As with any study that puts all humans in the same category, all of us can think of some older people who have lost some self-esteem for reasons other than poor health and too little wealth. The death of friends, a sense of helplessness in the face of difficult challenges, and simply being left behind by rapidly-changing technologies that many seniors find intimidating all probably play some role.
Health, Income Key Factors Contributing to Self Esteem
But according to the study, none of those factors rank even close to poor health and declining income in old age.
"In contrast, midlife is a time of highly stable work, family and romantic relationships, characterized by peaks in achievement, mastery, and control over self and environment," the study says.
If we are lucky, for a while it seems we are in control of our own destiny, the masters of our domains, no matter how large or small.
But there comes a time when the knees start to creak, the bank account may diminish, and it may seem that no one is particularly interested in the views of an old person.
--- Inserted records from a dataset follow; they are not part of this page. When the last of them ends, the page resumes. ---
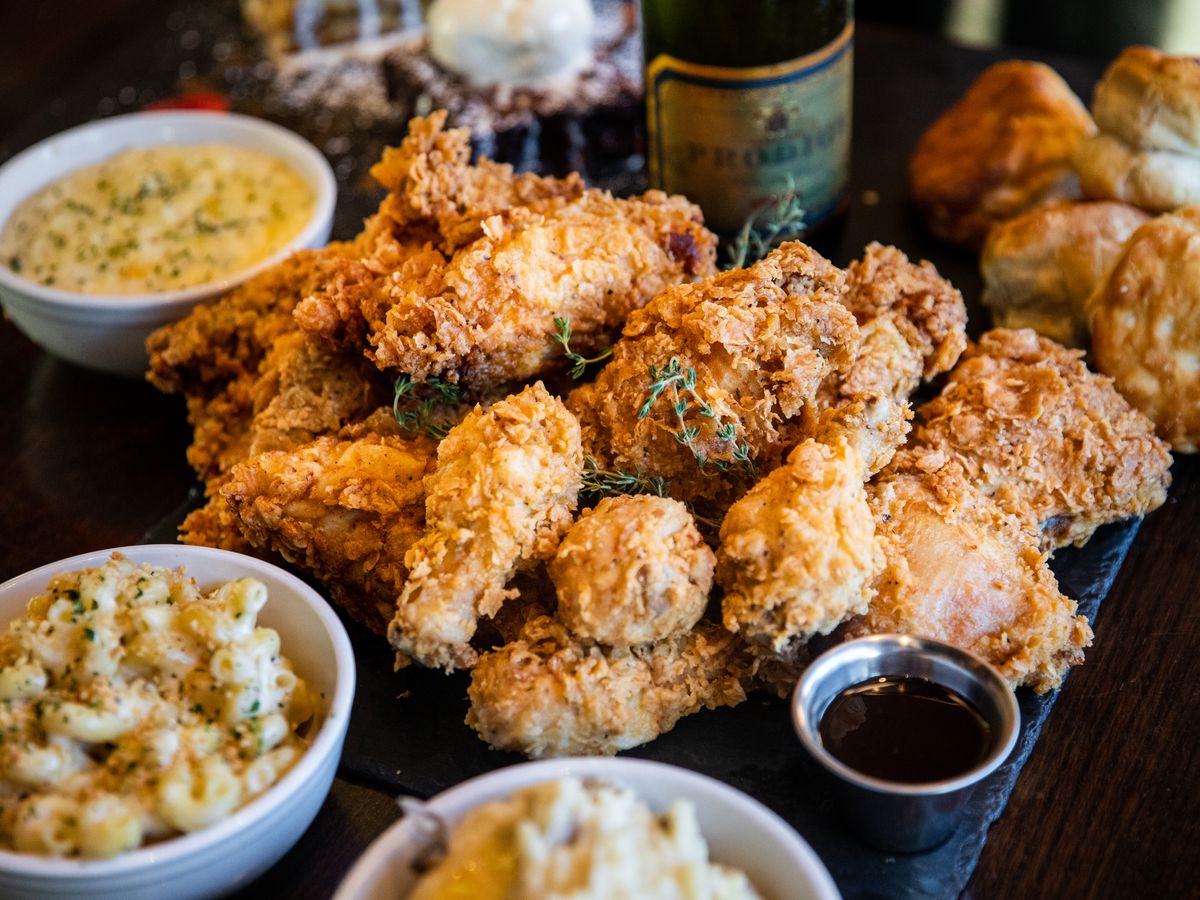 A spread of fried chicken and sides of mac and cheese, mashed potatoes, and biscuits with a side of syrup at Max’s Wine Dive.
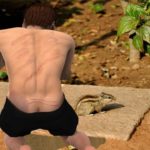 Shirtless man bending over to talk to a chipmunk in forest.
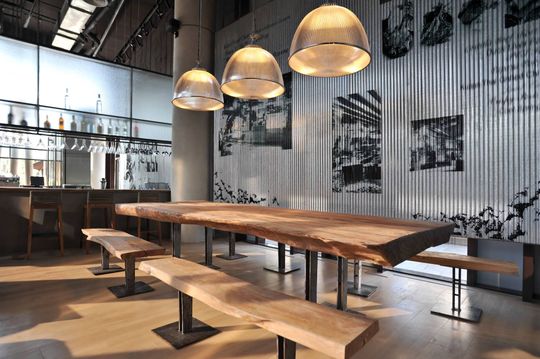 großer Holztisch mit Bänken in einem Raum mit Bar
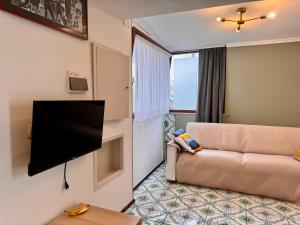 a living room with a couch and a flat screen tv at Vedi Napoli in Vacanza in Naples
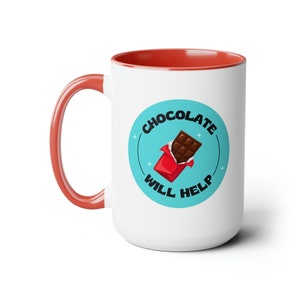 Puede incluir: Taza de cerámica blanca con borde rojo. La taza tiene un círculo azul con el texto "Chocolate Will Help" y una imagen de dibujos animados de una barra de chocolate en un envoltorio rojo.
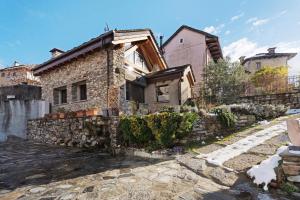 a stone house with a stone wall at Charmingly Renovated Stone House in Cesara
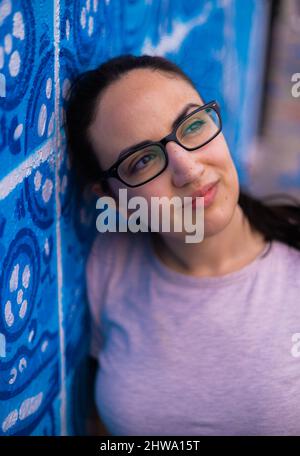 Giovane e bella donna si appoggia contro un muro colorato e si pone per la macchina fotografica - stile di strada tipico Foto Stock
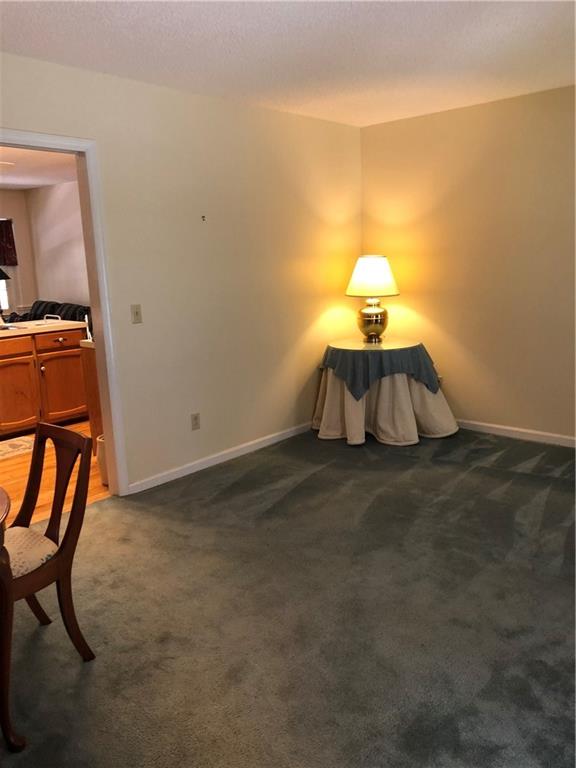3788 Sandy Ford Road Hickory, NC 28602 - Photo 6 of 30 a room with a table and chairs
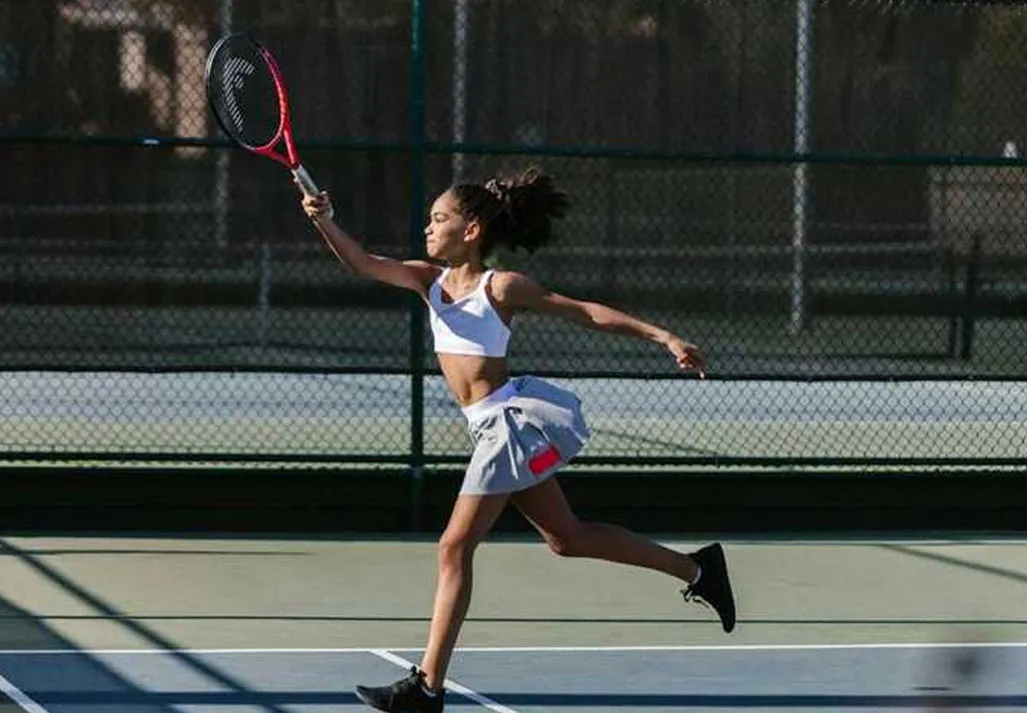 A young girl running on a tennis court with her racket raised.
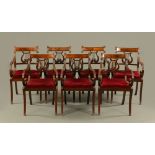 A set of seven Regency style mahogany armchairs, with lyre backs and raised on sabre legs.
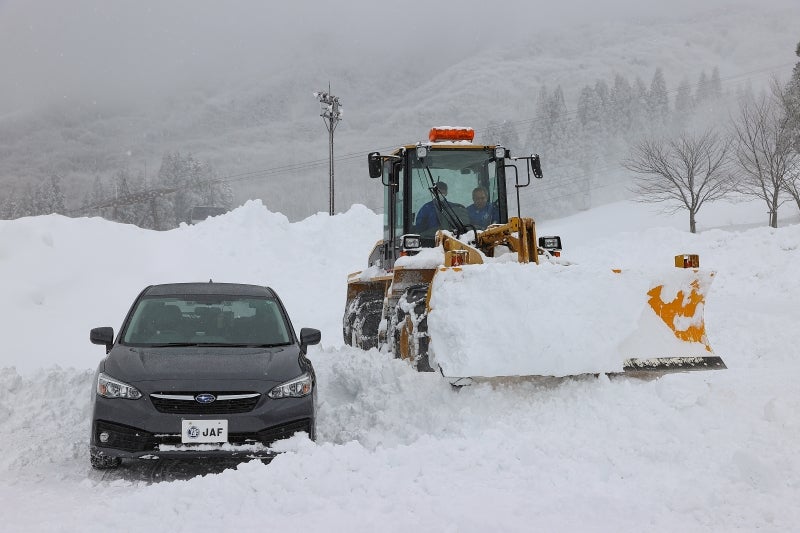 ホイールローダーで運んだ雪でクルマを埋めていく様子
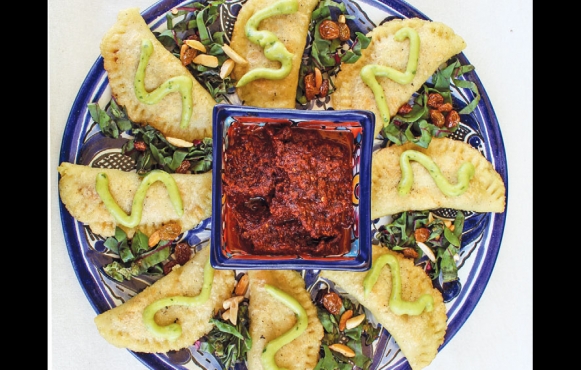 Vegan Veracruz empanadas with salsa.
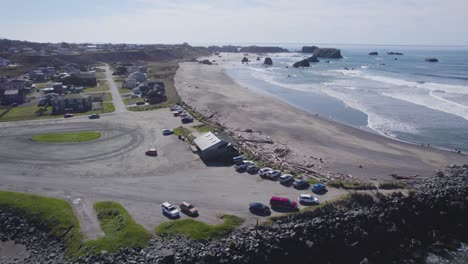 slow aerial pan across iconic pacific northwest beach as waves crash on sand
A few years ago I got into an argument with my father-in-law, a strong man who had carved out a legacy in the backwoods of Alaska.
Why, I asked him, did he refuse to learn how to use an ATM machine? It's so simple, I said, and so convenient. But life was coming at him pretty fast, and his alert mind found much of it confusing and unsettling.
"When you get old," he finally answered, "you feel very vulnerable."
But he was still in good health, and he had planned well for his retirement. Now almost 90 years old, he still feels pretty good about himself.